Records for the task:
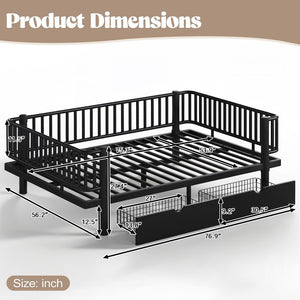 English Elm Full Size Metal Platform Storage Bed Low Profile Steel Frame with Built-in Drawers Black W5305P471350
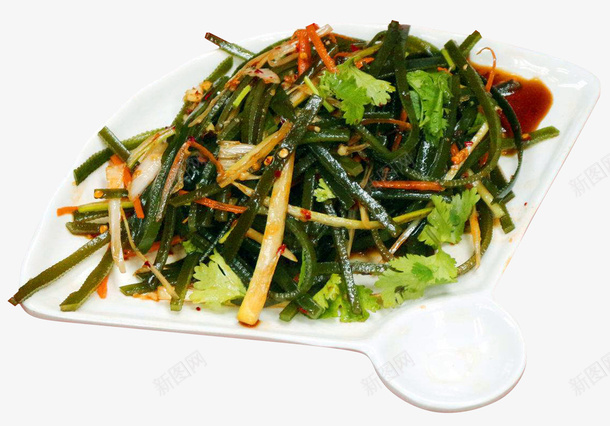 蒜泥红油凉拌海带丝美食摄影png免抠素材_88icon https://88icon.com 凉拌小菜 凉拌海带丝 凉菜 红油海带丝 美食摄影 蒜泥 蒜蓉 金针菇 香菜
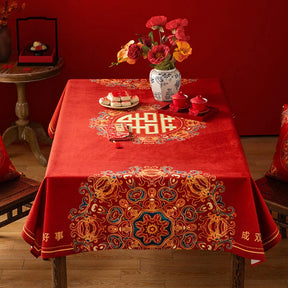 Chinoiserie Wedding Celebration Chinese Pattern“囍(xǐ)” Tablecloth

...

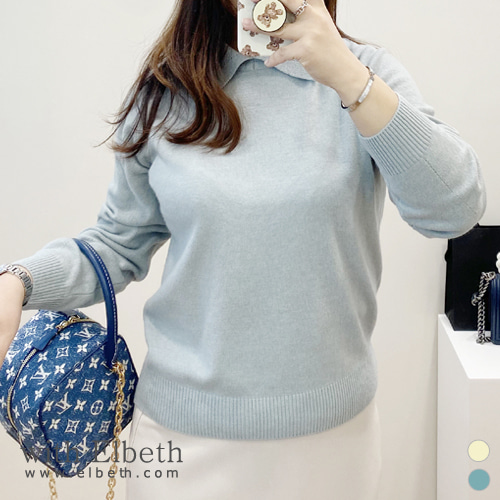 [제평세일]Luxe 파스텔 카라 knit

Goal of the exercise: Using the entries above, reproduce word for word only the lines from the one that contains "蒜泥红油凉拌海带丝美食摄影png免抠素材_88icon https://88icon.com 凉拌小菜" to the one that contains "Chinoiserie Wedding Celebration", both ends included, and drop every picture.

Task solution:
 蒜泥红油凉拌海带丝美食摄影png免抠素材_88icon https://88icon.com 凉拌小菜 凉拌海带丝 凉菜 红油海带丝 美食摄影 蒜泥 蒜蓉 金针菇 香菜
 Chinoiserie Wedding Celebration Chinese Pattern“囍(xǐ)” Tablecloth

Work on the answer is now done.